I think it's probably better to provide a well-defined endpoint for them to talk to rather than have everyone implement their own slightly different RPC ping mechanism. The docs for this feature should be very explicit that this is the only thing external code should be calling. ya i think that is a good approch. i would still prefer if people used say middelware to add a service ping admin api endpoint instead of driectly calling the rpc endpoint to avoid exposing rabbitmq but that is out of scope of this discussion.
so if this does actully detect somethign we can otherwise detect and the use cases involves using it within the openstack services not form an external source then i think that is fine but we proably need to use another name (alive? status?) or otherewise modify nova so that there is no conflict.
If I understand your analysis of the bug correctly, this would have caught that type of outage after all since the failure was asymmetric.

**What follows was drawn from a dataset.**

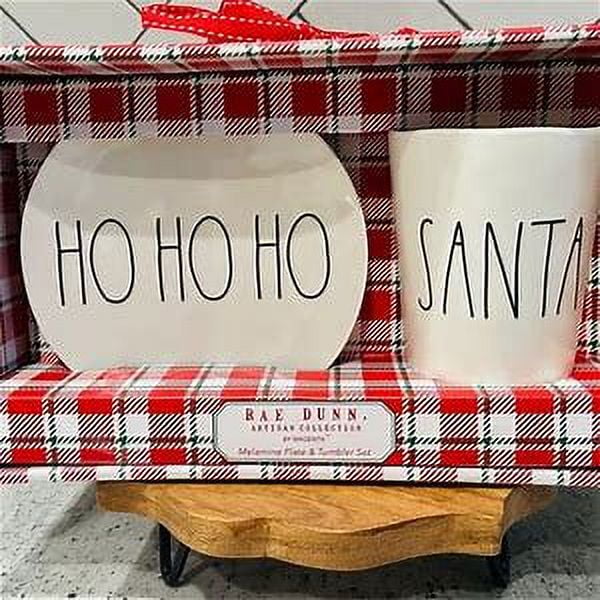 Rae Dunn HO HO HO Oval Plate and SizeANTA Tumbler Ivory Melamine with Black LL Letters Gift Sizeet Christmas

am im not sure it might yes looking at https://review.opendev.org/#/c/735385/6 its not clear to me how the endpoint is invoked. is it doing a topic send or a direct send? to detech the failure you would need to invoke a ping on the compute service and that ping would have to been encured on the to nova topic exchante with a routing key of compute.<compute node hostname> if the compute topic queue was broken either because it was nolonger bound to the correct topic or due to some other rabbitmq error then you woudl either get a message undeilverbale error of some kind with the mandaroy flag or likely a timeout without the mandaroty flag. so if the ping would be routed usign a topic too compute.<compute node hostname> then yes it would find this. although we can also detech this ourselves and fix it using the mandatory flag i think by just recreating the queue wehn it extis but we get an undeliverable message, at least i think we can rabbit is not my main are of expertiese so it woudl be nice is someone that know more about it can weigh in on that.
The compute node was still able to send its status updates to Nova, but wasn't receiving any messages. A ping would have detected that situation.